Kotappakonda is a holy hill, situated in Palnadu district, Andhra Pradesh, India. It is located 20 kilometers from Narasaraopet city and 62 kilometers south west of Guntur City.

History 
Celebrated with great devotion and fervor every year with a large number of devotees thronging the place, Kotappakonda has an interesting history and some incredible facts associated with it.

 Trikuta Hills: Kotappa Konda hill appears with 3 peaks in any direction so it's also called as Trikutadri, Trikuta Parvatham. The three hills are Brahma hill, Vishnu hill and Rudra hill. These 3 hills can be distinctly seen from a distance from any direction.
 Brahma Shikharam: The main temple Trikoteswara Swamy Temple is located here.
 Rudra Shikharam: Old Kotayya temple is located here. This is the first place where Trikoteswara Swamy existed, seeing the great devotion of Devotee Gollabhama, Trikoteswara Swamy came to Brahma Shikharam. Hence it is called Paatha (old) Kotayya Temple.
 Vishnu Shikharam: Lord Paapanaseswara Temple is here. It is believed that Lord Vishnu did penance for Lord Shiva. There is also a holy pond "Paapanasa Teertha" here.
Sundudu, a cattleman, with his wife Kundiri used to live towards the south of the Trikuta hills. They became rich soon after the birth of their first child, a beautiful daughter, Anandavalli(Gollabhama). Slowly she became a great devotee of Lord Shiva and started spending most of her time offering prayers to Lord Shiva at the Old Koteswara Temple located on Rudra hill. Eventually, she lost all interest in her materialistic life and started penance for Sri Koteswara Swamy.

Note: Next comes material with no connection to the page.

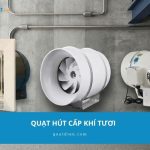 Quạt hút cấp khí tươi : Tổng hợp 3 model hút gió cực hot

She used to visit Rudra hill every day, even during the scorching summer, to offer prayers to the Lord. Pleased with her penance, Jangama Devara appeared before her. Sympathized by her penance, Jangama Devara blessed her to be a pregnant, though she was a spinster. Unmindful of her pregnancy she carried her daily prayers as usual. Stupefied at her deep devotion, he again appeared and told her that she need not take so many troubles to perform pujas and offer prayers, and promised her that he himself would come to her house where she could do her penance and commanded her to proceed towards her home, and that he would follow her, but advised her not to look back even once on her way to home, in spite of whatever happens.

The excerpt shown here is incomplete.